In any event, it appears that the ALJ's decisions became the final decisions of the Commissioner. In her decision, the ALJ noted that if Plaintiff did not file written exceptions and the Appeals Council did not act on its own motion to review her case, the ALJ's decision would become the final decision of the Commissioner "after remand on the 61st day after the date of [her decision]." T 584. Plaintiff would then have 60 days in which to file a new civil action in federal district court. Id. Therefore, Plaintiff could file a new civil action between the 61st and 121st day after the date of the ALJ's decision. T 585. Plaintiff's attorney commenced this case 120 days after the ALJ's decision.

I also note that Defendant takes no issue with the timeliness of this action or the jurisdiction of this Court. In fact, Defendant admits that Plaintiff complains of a "final decision" and that Plaintiff exhausted her administrative remedies. Dkt. No. 7 (Answer).

4. Defendant noted that "the Commissioner offered to remand this case for further proceedings based on new evidence [P]laintiff submitted with her District Court complaint. Plaintiff declined to stipulate to remand." Dkt. No. 11 at 4.
5. Plaintiff's attorney, Joy Blumkin, disclosed that Dr. Blumkin is her brother. Dkt. No. 8, at 4, n.5.
6. "The `treating physician's rule' is a series of regulations set forth by the Commissioner in 20 C.F.R. § 404.1527 detailing the weight to be accorded a treating physician's opinion." de Roman v.
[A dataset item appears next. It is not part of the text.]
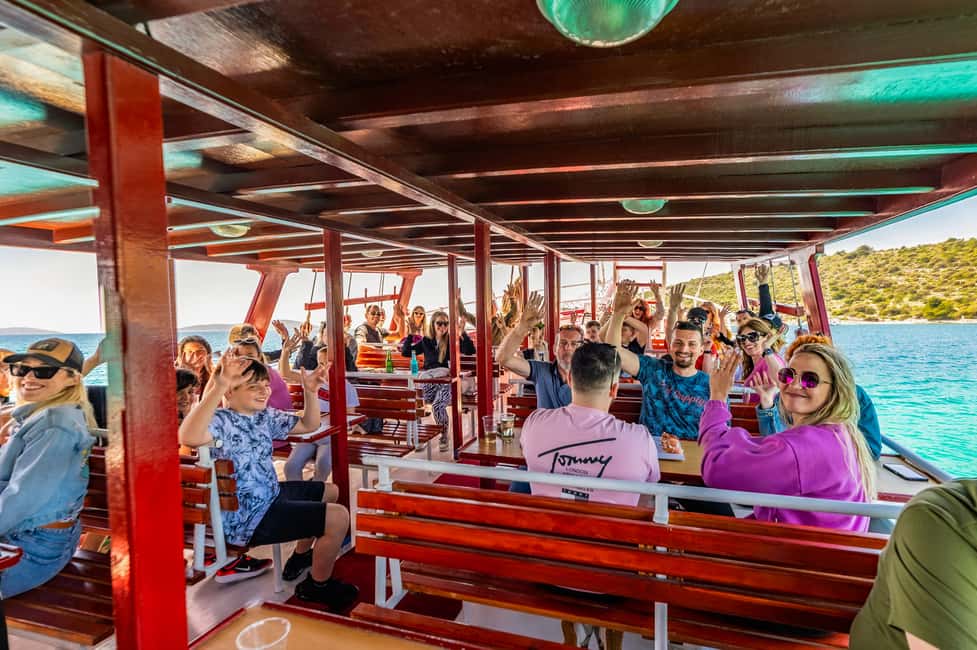 billede nr.11 af aktiviteten Split: All-inclusive 3 øer og krydstogt i den blå lagune i Dalmatien, uploadet af udbyder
Barnhart, 2003 WL 21511160, at *9 (S.D.N.Y. July 2, 2003).
7. I also note that the RFC determination is necessarily flawed because, as previously discussed, the ALJ erred in evaluating Dr. Blumkin's opinion.
8. Sentence four reads "[t]he court shall have power to enter, upon the pleadings and transcript of the record, a judgment affirming, modifying, or reversing the decision of the Commissioner of Social Security, with or without remanding the cause for a rehearing." 42 U.S.C. § 405(g).